Theoretically, by version, I'm vulnerable to important security issues like CVE-2019-6111 and CVE-2019-6110.
This was also pointed out by some security scanners.

Are you saying that despite the version number, OpenSSH 7.9 (installed on base system) is fully security patched?
It makes sense. Otherwise FreeBSD 13 would not be released with this version of OpenSSH.

So, there is no need to install OpenSSH Portable.

Thanks,
Grether


----------



## richardtoohey2 (Dec 30, 2021)

Looks like a fix for 6111 was applied to 12.0:

e.g. https://www.freebsd.org/security/advisories/FreeBSD-EN-19:10.scp.asc

This article makes it _look_ as though still an issue on 12.2: https://www.adminbyaccident.com/freebsd/how-to-freebsd/how-to-patch-openssh-in-freebsd-12-2/

But not sure if the tool he is using is string-matching on the version of OpenSSH rather than actually checking if the vulnerability is actually present.

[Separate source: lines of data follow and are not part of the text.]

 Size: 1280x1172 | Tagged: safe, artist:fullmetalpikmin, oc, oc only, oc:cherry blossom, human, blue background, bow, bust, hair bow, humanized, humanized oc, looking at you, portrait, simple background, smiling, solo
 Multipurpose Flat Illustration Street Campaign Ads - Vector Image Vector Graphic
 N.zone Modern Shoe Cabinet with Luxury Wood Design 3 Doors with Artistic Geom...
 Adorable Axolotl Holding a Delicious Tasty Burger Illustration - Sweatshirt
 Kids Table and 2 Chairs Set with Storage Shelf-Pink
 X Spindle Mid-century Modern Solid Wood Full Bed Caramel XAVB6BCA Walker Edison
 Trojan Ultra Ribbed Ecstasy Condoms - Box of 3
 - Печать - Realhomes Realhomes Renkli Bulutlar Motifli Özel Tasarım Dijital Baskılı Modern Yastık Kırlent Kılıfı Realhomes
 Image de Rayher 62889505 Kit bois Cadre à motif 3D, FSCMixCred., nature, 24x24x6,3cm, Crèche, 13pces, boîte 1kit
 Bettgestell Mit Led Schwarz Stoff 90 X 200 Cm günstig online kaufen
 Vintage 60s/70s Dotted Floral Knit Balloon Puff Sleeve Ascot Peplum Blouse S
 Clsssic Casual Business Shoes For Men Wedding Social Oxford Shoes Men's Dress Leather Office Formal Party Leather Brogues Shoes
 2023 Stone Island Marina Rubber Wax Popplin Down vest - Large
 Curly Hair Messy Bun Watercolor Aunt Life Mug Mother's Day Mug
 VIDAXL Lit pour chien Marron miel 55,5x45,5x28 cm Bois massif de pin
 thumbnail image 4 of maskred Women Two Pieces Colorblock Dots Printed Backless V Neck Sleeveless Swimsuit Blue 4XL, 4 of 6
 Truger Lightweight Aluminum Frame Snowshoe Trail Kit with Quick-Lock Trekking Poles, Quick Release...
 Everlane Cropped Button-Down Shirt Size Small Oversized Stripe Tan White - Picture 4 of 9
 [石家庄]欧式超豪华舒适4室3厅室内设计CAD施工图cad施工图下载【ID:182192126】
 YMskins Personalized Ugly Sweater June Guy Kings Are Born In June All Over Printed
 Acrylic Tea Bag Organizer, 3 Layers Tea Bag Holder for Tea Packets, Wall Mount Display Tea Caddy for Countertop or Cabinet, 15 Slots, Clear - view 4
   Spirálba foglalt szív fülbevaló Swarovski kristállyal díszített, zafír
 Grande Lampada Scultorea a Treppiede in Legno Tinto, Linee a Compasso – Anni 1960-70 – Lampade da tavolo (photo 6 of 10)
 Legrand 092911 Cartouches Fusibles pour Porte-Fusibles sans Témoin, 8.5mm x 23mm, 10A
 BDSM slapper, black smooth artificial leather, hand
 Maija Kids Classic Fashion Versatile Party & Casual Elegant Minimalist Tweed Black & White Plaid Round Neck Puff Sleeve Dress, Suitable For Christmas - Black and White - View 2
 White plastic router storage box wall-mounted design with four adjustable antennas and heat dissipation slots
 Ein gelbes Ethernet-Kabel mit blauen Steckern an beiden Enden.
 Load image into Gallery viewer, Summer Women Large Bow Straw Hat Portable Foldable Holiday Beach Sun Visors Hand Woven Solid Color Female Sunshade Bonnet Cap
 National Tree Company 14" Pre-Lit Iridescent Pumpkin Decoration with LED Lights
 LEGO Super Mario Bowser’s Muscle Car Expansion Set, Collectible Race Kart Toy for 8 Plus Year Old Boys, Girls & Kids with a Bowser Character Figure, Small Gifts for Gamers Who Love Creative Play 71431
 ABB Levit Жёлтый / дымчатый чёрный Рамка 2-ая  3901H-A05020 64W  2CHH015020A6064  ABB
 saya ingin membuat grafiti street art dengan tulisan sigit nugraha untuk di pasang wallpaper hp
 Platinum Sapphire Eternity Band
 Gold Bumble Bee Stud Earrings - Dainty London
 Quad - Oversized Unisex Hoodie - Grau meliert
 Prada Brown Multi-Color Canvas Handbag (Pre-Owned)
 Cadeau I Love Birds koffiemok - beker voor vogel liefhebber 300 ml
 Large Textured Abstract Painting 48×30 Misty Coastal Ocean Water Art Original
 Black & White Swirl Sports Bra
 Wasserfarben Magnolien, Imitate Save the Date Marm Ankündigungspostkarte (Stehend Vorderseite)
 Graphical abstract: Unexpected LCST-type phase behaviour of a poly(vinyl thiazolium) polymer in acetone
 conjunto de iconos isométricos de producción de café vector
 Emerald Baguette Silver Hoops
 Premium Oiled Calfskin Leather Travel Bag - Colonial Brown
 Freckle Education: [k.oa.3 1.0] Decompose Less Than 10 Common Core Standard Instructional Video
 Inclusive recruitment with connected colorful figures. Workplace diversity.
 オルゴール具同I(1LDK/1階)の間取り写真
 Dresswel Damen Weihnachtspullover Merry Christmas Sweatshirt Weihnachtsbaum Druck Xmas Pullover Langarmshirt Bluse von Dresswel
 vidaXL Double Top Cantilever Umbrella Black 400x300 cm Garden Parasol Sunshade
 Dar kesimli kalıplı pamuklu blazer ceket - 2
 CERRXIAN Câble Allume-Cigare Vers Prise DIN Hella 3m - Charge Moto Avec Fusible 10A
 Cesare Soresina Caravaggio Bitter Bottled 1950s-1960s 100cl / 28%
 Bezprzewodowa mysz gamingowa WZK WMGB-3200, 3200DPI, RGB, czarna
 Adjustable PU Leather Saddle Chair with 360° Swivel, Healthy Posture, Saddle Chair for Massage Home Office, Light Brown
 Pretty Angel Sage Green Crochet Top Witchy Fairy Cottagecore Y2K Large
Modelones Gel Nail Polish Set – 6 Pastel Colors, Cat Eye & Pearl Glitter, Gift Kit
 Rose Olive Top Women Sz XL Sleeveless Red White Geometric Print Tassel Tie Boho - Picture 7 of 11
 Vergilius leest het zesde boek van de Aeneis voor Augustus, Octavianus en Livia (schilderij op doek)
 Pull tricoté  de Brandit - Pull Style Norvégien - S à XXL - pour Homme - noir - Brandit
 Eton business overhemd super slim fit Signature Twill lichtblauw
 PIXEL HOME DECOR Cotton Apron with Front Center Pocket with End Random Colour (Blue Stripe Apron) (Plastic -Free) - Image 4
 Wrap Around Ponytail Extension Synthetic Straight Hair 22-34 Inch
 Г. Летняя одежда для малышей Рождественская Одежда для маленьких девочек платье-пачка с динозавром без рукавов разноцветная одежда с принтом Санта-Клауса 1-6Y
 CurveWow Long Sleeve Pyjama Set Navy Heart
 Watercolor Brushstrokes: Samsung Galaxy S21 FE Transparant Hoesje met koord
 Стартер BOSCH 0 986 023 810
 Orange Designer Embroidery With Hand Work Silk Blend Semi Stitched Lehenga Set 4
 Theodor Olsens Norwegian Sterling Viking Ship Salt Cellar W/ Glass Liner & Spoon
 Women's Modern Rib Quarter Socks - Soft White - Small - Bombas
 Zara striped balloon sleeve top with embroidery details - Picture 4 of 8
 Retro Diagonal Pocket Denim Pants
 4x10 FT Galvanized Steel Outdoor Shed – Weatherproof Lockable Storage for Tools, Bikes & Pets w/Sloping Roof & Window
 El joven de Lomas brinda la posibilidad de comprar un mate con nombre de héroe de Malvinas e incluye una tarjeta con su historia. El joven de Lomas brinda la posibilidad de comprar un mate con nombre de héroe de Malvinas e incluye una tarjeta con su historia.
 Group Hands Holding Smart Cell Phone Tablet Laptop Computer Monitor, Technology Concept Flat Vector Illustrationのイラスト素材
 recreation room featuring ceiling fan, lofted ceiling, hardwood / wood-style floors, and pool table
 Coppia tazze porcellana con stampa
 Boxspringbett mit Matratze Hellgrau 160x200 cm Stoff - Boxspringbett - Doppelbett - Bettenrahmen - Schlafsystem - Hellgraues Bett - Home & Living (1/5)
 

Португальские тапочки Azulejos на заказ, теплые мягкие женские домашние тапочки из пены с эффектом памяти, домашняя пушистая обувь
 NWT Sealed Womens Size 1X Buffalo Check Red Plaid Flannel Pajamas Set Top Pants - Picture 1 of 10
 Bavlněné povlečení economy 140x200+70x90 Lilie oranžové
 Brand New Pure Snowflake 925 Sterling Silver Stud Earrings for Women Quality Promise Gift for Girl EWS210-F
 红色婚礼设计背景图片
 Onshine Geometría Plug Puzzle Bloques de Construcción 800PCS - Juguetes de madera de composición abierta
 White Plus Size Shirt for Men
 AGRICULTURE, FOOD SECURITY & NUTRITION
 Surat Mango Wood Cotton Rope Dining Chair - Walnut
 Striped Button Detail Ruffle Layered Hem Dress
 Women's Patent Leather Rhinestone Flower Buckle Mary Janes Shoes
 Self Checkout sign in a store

Other CVEs fixed in the same commit:






						234965 – scp client multiple vulnerabilities (openssh in base/ports affected: CVE-2018-20685 CVE-2019-6111 CVE-2019-6109,6110)
					






					bugs.freebsd.org
				




So in theory the answer to your question is yes, it should be fine in 13.0, but would need more digging to be utterly sure.


----------